Another question your children will probably ask is, "Can I ever get married? Can I raise children?" And the answer to that is, "Of course they can." I've had four children. All of us here that are blind have children. There is a family back there with five children. Of course you can get married and live independently and raise children. To cement that, you might have them meet some competent blind adults so it isn't just somebody telling them, but they are actually seeing it.

Another question that they might ask when they start dating is, "Is my eye condition hereditary? Will I have blind children?" And again, this is a personal thing. You are going to have to talk to experts about it, and find out and then tell your children. If there is a possibility of inheritance, it is up to them to decide. My particular eye condition is hereditary. There was a chance -- though none of my children happen to be blind -- that some of them could have been blind. My husband and I discussed this before we had children and we decided that blindness is not a "big deal." There are many other things that I would not want my children to be born with, but blindness was not one of them. I felt that if anybody could raise a blind child competently, it would be myself. I had led a full and rich life and done everything, so why couldn't my blind children do the same? And so to us, it was not an important consideration. Of course everybody wants their children to be as perfect as possible, but if it meant children or no children to us it was not a crucial issue.

I just want to leave you with one closing story. When I was at a rehabilitation center, the director of that center, Dr. Jernigan, would invite legislators and important people to his house to dinner and he would also have some of us students up there just to have them meet blind people and see what the program was all about.

And so one day I was up there and Mrs. Jernigan asked me to go around and fill everybody's coffee cup. And I said, "OK, but I really don't think I want to do this." I said, "What if I go and spill coffee all over these important legislators? I'll probably end up making a fool of myself." So when she wasn't looking, I asked this other girl that had more sight than I, she was standing next to me; I said, "Listen Marge, why don't you go fill those coffee cups, because I really don't want to." And so the night passed.

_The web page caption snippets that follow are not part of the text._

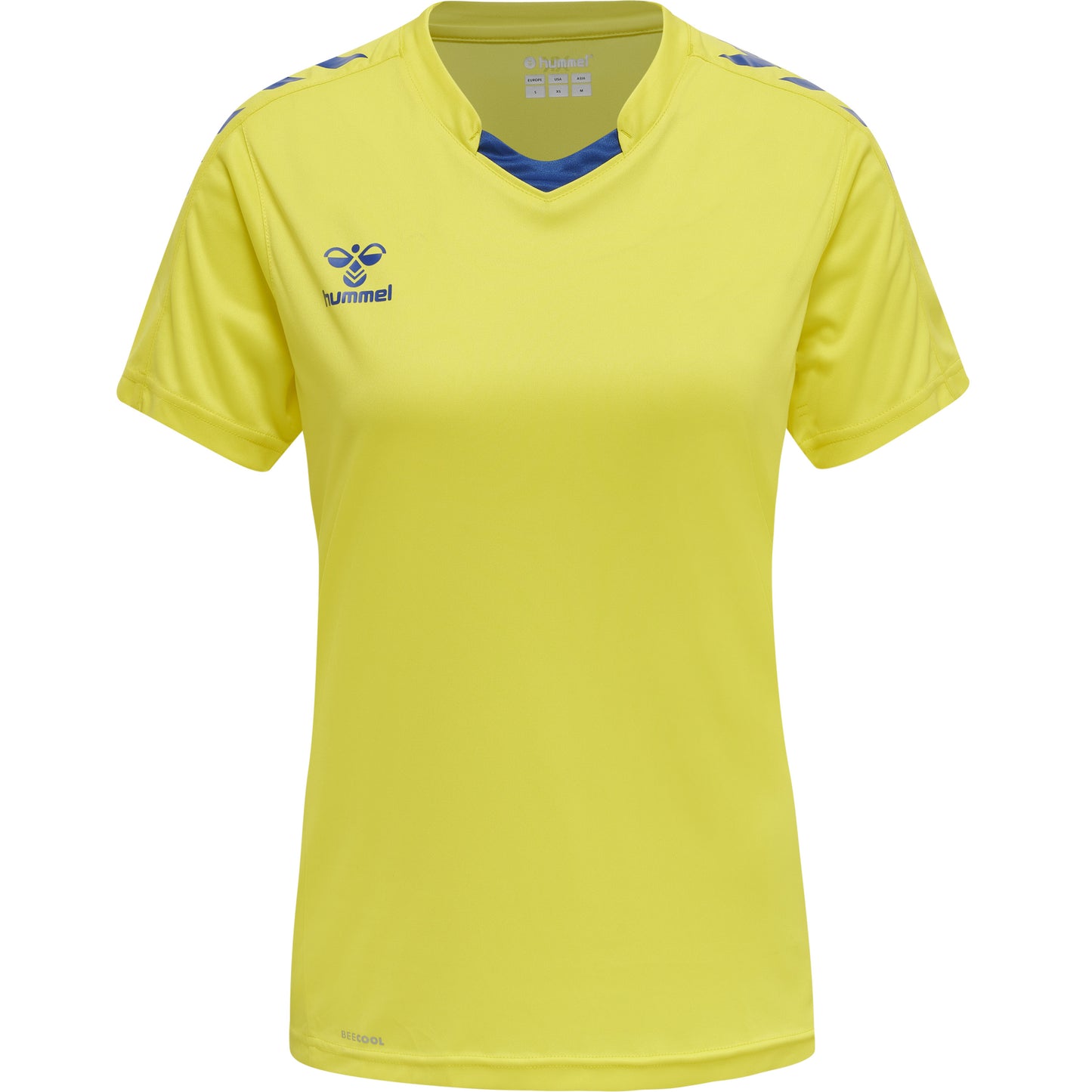 HUMMEL Core Xk Poly Jersey S/S Damen Gelb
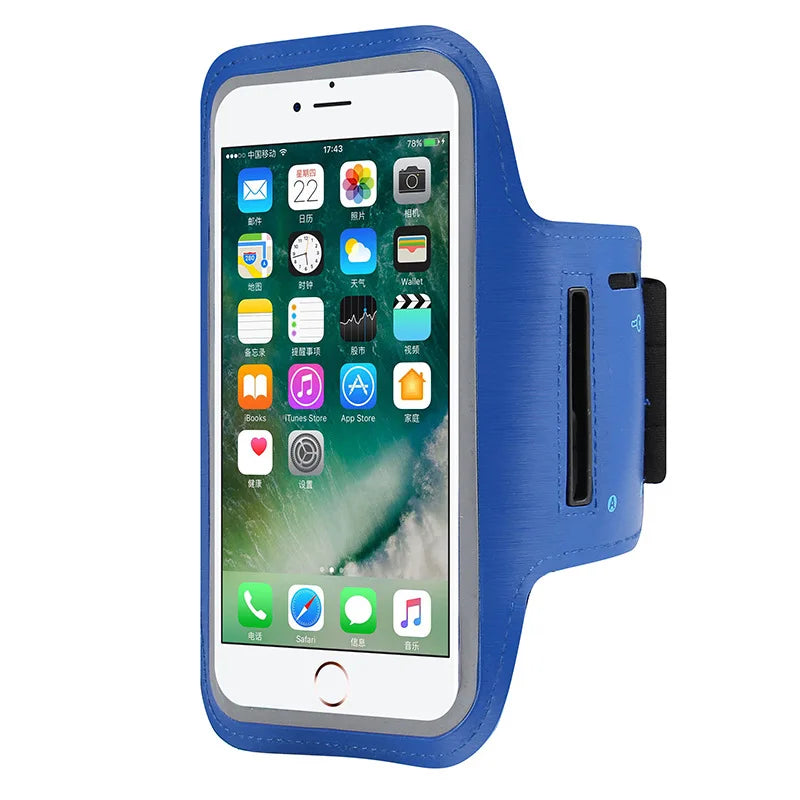 4-7inch Mobile Phone Armband Outdoor Sports Holder Gym Running Phone Bag Arm Band Cases for iPhone Samsung Xiaomi Redmi Holder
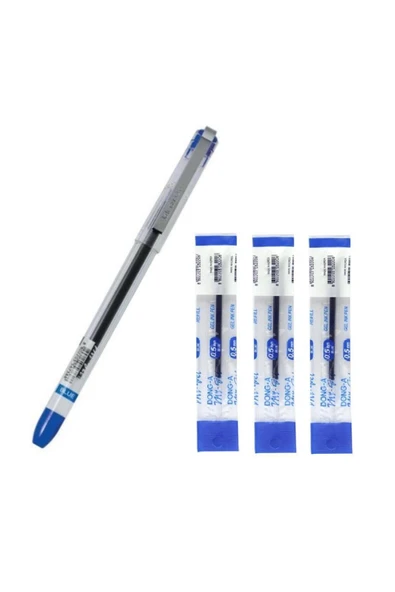 Donga Mygel Mavi My Gel 0.5mm Ince Iğne Uçlu Jel Kalem 1 Adet ve Kalem Yedeği 3 Adet My-jel Pilot Kalem Y ürün görseli 1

The next morning I got called into Dr. Jernigan's office and he sat me down and said, "Joanne, I hear you would not fill those coffee cups last night."

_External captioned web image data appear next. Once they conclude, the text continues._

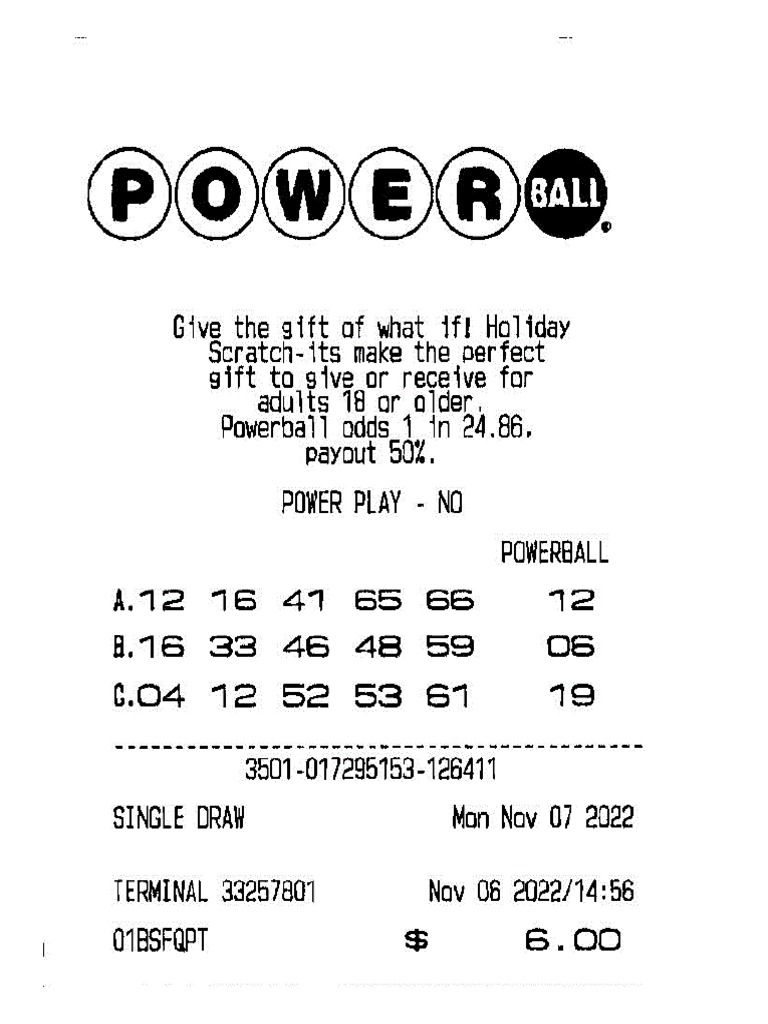 Powerball PDF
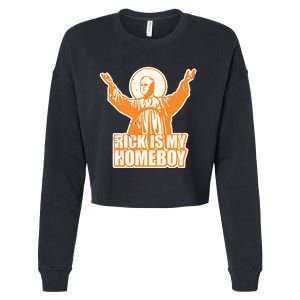 Drvawl Rick Is My Homeboy Cropped Pullover Crew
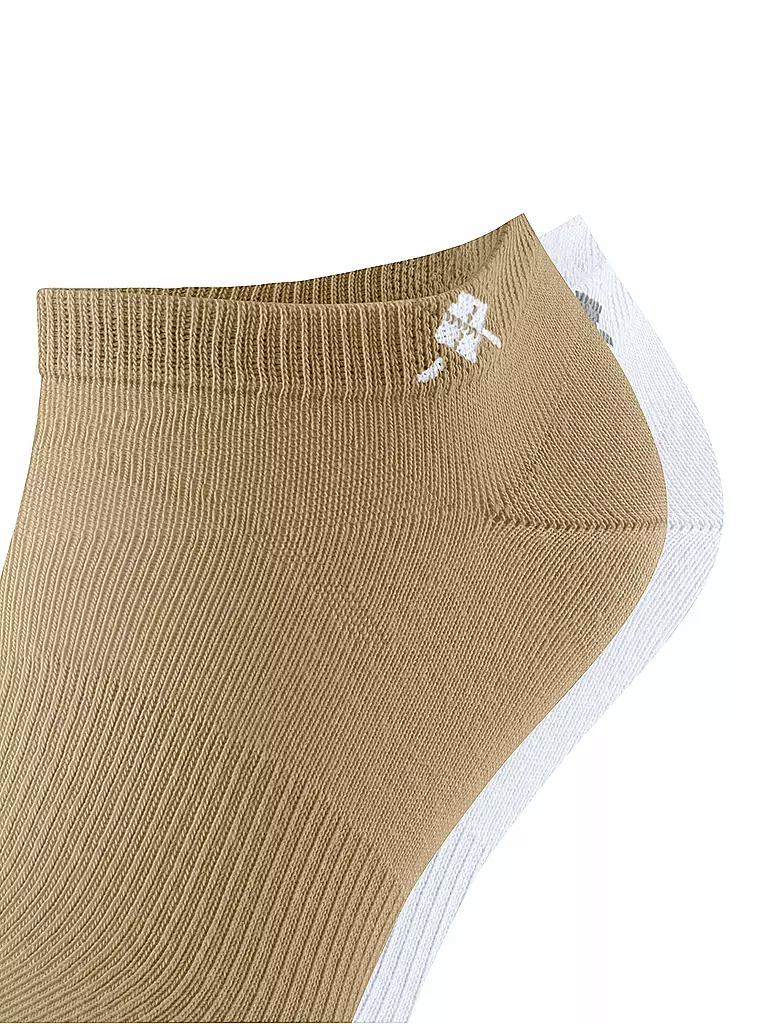 BURLINGTON | Calzini sneaker da uomo EVERYDAY, confezione da 2, 40-46 sesamo |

And I said, "Well, no I didn't really want to fill those coffee cups. I would have spilled it all over the place and I let Marge do it. She could see more than I could."

And he said, "Joanne, do you really believe the philosophy that we are teaching you here? Do you believe that you can grow up and be a normal, independent, self-sufficient, blind person?"

"Oh, yes," I said, "I believe that. I am going to go on to college and become a teacher and raise kids. I know I can do that."

And he said, "But Joanne, you wouldn't fill those coffee cups last night."

And I said, "No, I wasn't going to do that."

And he said, "Joanne, do you realize that life is made up of a series of little things, and if you start saying 'no' to filling coffee cups, you'll start saying 'no' to the next thing, and the next thing, and the next thing? And pretty soon, you're going to be sitting there dependent, and helpless and you are not going to be what you want to be. You know, you cannot say 'no' to the little things in life."

And that lesson always stuck with me. Even now, it is so easy as a blind person to take advantage of your blindness and let somebody else do it. Our basic laziness kind of sets in on us, and it is so easy -- even in my marriage now -- to let my husband jump up and do things. It is easy to let them. But if you do too much of that, and take advantage of that blindness, you are going to be sitting there helpless and dependent and not achieving things.

You parents have to push your children to get out there and do these "little things" and not do them for them. Because, if you think of your daily life, it is made up of a series of little things and you can't say 'no' to them.